Pulling ‘The Big Lever’
What is the single, revolutionary, world-altering innovation that can lead education from mass-produced schooling to personally meaningful learning? Tests. Yes, tests; rich and authentic data on significant student learning. Of course, the trick is in what is measured. A revealing case study relates to The Melbourne Declaration, the vision document upon which the codified Australian Curriculum is based. In examining its goals for Successful Learners, there is lots of potential for innovation. Look carefully at the descriptors in the side box and focus on how many of these worthy goals can actually be taught, meaning they represent knowledge or skills that can be acquired or developed as opposed to characteristics, traits, approaches or choices. When this challenge has been posed in the past, educators invariably identify only essential skills in literacy and numeracy. Clearly, these can be taught and done so with great effectiveness. What percentage of the total list of goals do they represent? Very small, indeed. This brings up a couple of critical points. First, how can these goals be achieved if educators cannot ‘teach their way to them’? This is the kind of design challenge that prompts innovation! In other words, if teachers cannot ‘teach’ students to be motivated to reach their potential then they should explore and assess many of the evidence-based strategies that already exist, and invent any more that are needed. Second, by choosing to test for only literacy and numeracy (for example, NAPLAN), education ineffectively abandons all the other goals. Thus, although education begins with a powerful vision, it is undermined by reinforcing the old paradigm that targets basic skills rather than uses this as an inspiration to change or improve the out-dated model.
The next instalment of this series will highlight a variety of evidence-based, intuitively valid and energising examples of how education replaces the quest for better basic skills test scores with amazing alternatives. Let the revolution begin (with true innovation).
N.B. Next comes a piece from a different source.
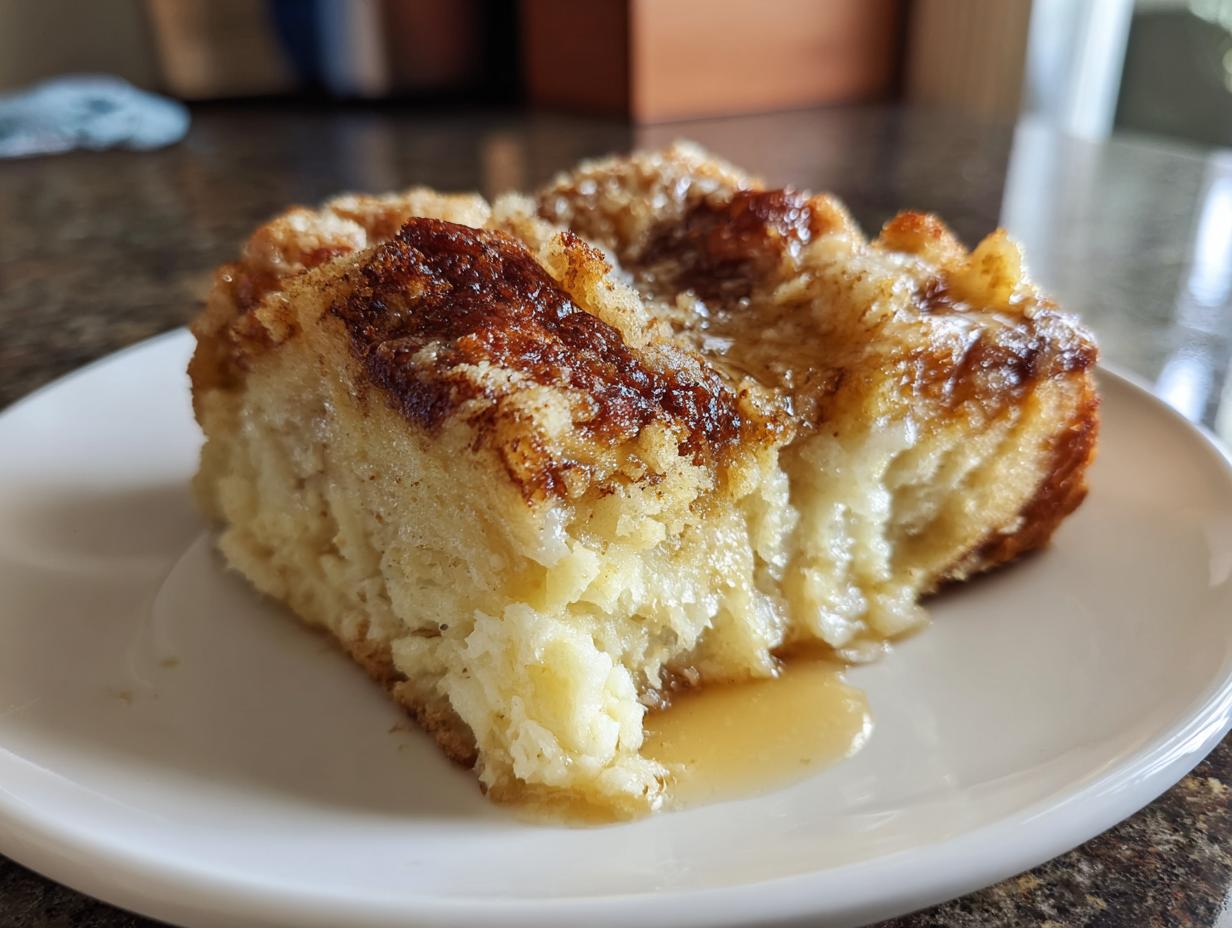 A close-up of a slice of Overnight French Toast Casserole on a white plate, glistening with syrup.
- develop their capacity to learn and play an active role in their own learning
- have the essential skills in literacy and numeracy and are creative and productive users of technology, especially ICT, as a foundation for success in all learning areas
- are able to think deeply and logically, and obtain and evaluate evidence in a disciplined way as the result of studying fundamental disciplines
- are creative, innovative and resourceful, and are able to solve problems in ways that draw upon a range of learning areas and disciplines
- are able to plan activities independently, collaborate, work in teams and communicate ideas
- are able to make sense of their world and think about how things have become the way they are
- are on a pathway towards continued success in further education, training or employment, and acquire the skills to make informed learning and employment decisions throughout their lives
- are motivated to reach their full potential.